In order to improve the query efficiency of RDF subgraphs in massive RDF data graphs and solve the problem of repeated calculation in the query process of RDF subgraph set, a distributed query method of RDF subgraph set based on composite relation tree is proposed in this paper. We first construct a corresponding composite relation graph for RDF subgraph set. To simplify the query process, we propose an evaluation model that weighs the nodes and edges of composite relation graph, and then removes the redundant nodes and edges. We also propose a MapReduce-based RDF subgraph set query method, which carries out the distributed query batch processing on the RDF subgraph set, and we obtain the query results of the RDF subgraph set by traversing the composite relation tree. Experiments show that the work in this paper can improve the query efficiency of RDF subgraph set.

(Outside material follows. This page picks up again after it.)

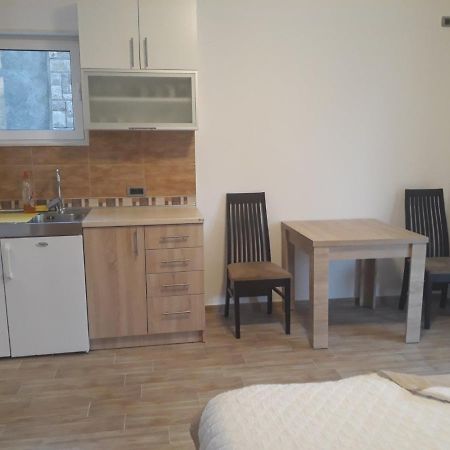 Apartmani Andrea Studio Herceg Novi Esterno foto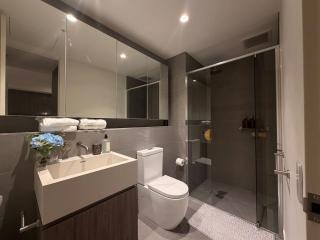 Koala Stay Luxury CBD Retreat with Skyline Views - 2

In the future research, we can make the following improvements: (1) further experiments on large real datasets or further query research on datasets with fixed frequency changes and updates; (2) the index of subgraph matching order can be added to the composite relation tree, and the number of subgraph traversal can be reduced to a certain extent through the effective index method; (3) in the intermediate result processing, in addition to star decomposition, other improved graph structure decomposition methods can be introduced, such as linear type and snowflake type.

Data Availability

The data used to support the findings of this study are available from the corresponding author upon request.

Conflicts of Interest

We declare that we have no conflict of interest.

Acknowledgments

This research was supported by the National Natural Science Foundation of China under Grant Nos. 62267005 and 61862010, and the Guangxi Collaborative Innovation Center of Multisource Information Integration and Intelligent Processing.